WHAT TO DO ->
The whole listing below, with no pictures, is to be repeated as it stands.

=== DATA EXCERPT ===

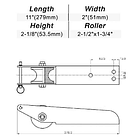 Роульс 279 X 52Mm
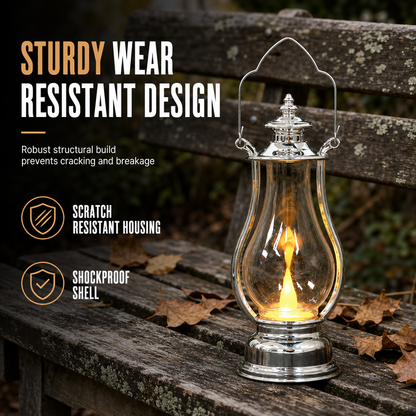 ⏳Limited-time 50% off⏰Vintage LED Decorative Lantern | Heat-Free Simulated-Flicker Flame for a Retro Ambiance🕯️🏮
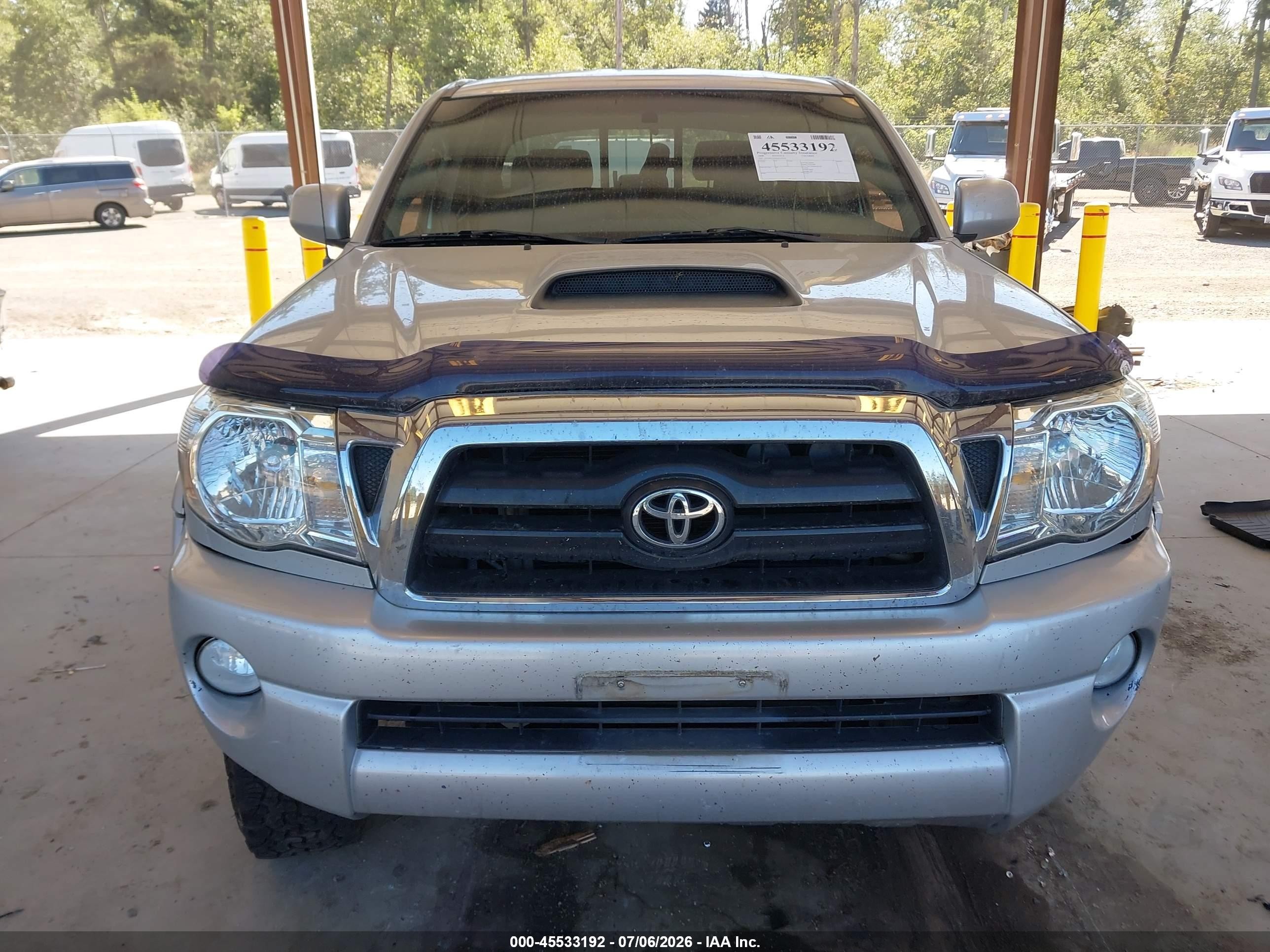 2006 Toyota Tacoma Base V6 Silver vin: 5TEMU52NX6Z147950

===

RESPONSE TO THE EXERCISE ->
 Роульс 279 X 52Mm
 ⏳Limited-time 50% off⏰Vintage LED Decorative Lantern | Heat-Free Simulated-Flicker Flame for a Retro Ambiance🕯️🏮
 2006 Toyota Tacoma Base V6 Silver vin: 5TEMU52NX6Z147950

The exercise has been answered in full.